WHAT IS NEEDED: From the first line to the last, transcribe the data exactly and skip the pictures.

STORED DATA:
======

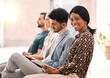 © Malik E/peopleimages.com - Business people, digital agency and interview with black woman in corporate, hiring or onboarding company. Recruitment, motivation and training with employees in seminar, conference or workshop
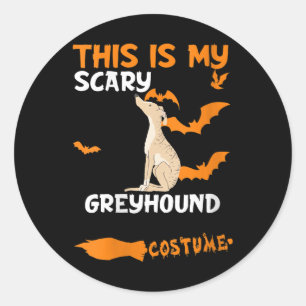 Womens Greyhound Brindle Costume Halloween Lazy Classic Round Sticker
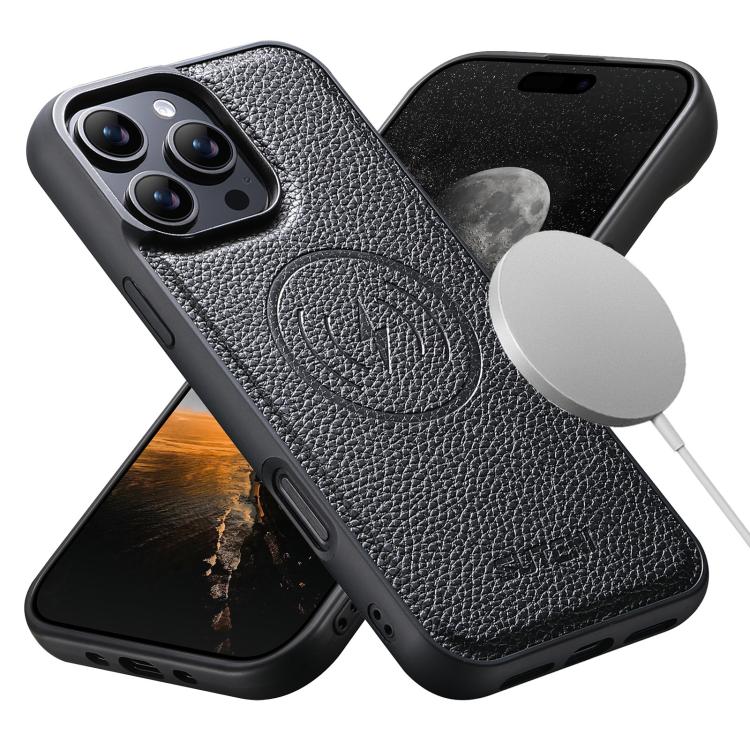 For iPhone 15 Pro Max Suteni G5 Large Litchi Texture Vegan Leather Magnetic Back Phone Case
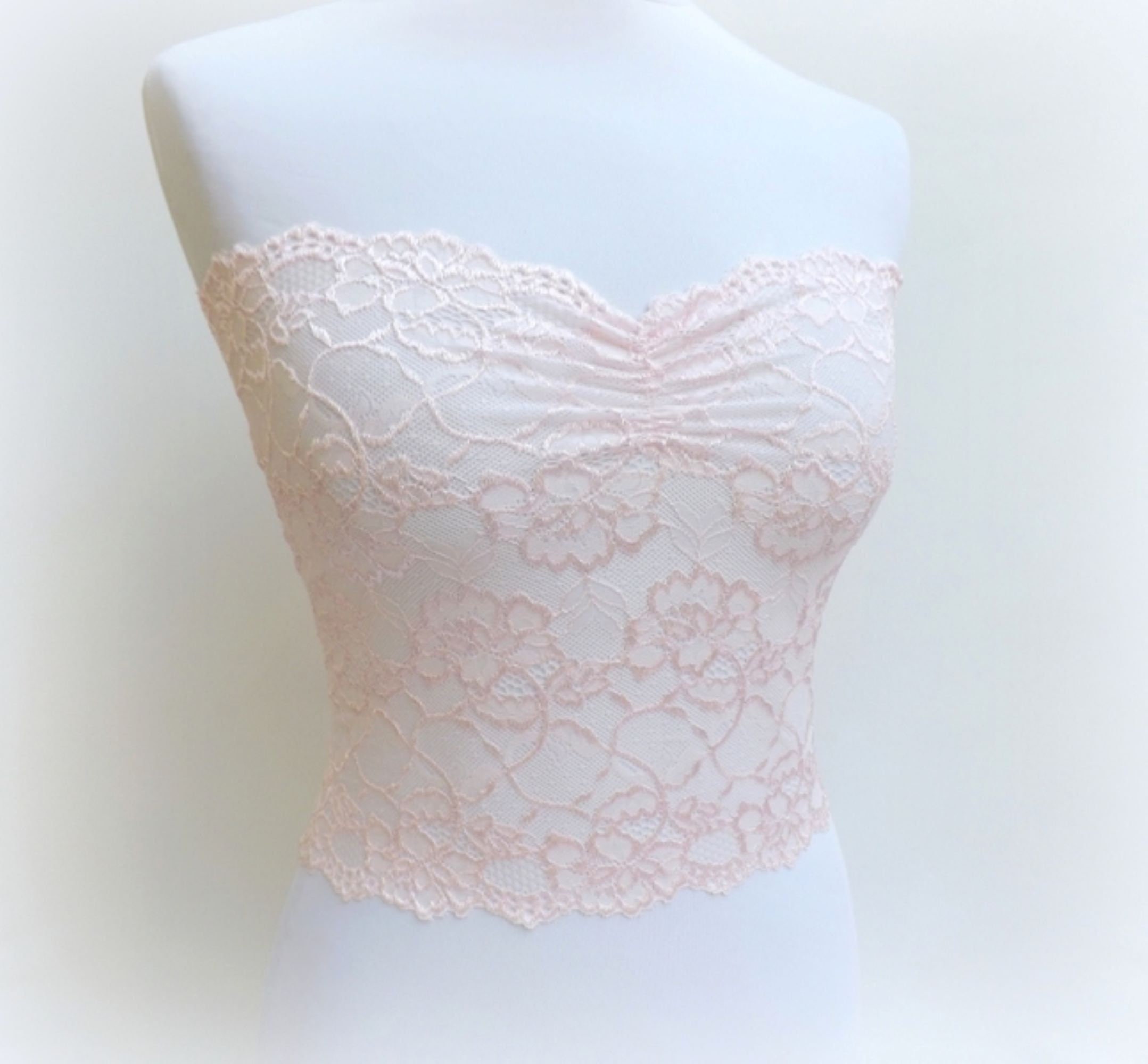 Light Pink See Through Elastic Lace Tube Top Strapless -  Canada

======

COMPLETED TASK:
 © Malik E/peopleimages.com - Business people, digital agency and interview with black woman in corporate, hiring or onboarding company. Recruitment, motivation and training with employees in seminar, conference or workshop
 Womens Greyhound Brindle Costume Halloween Lazy Classic Round Sticker
 For iPhone 15 Pro Max Suteni G5 Large Litchi Texture Vegan Leather Magnetic Back Phone Case
 Light Pink See Through Elastic Lace Tube Top Strapless -  Canada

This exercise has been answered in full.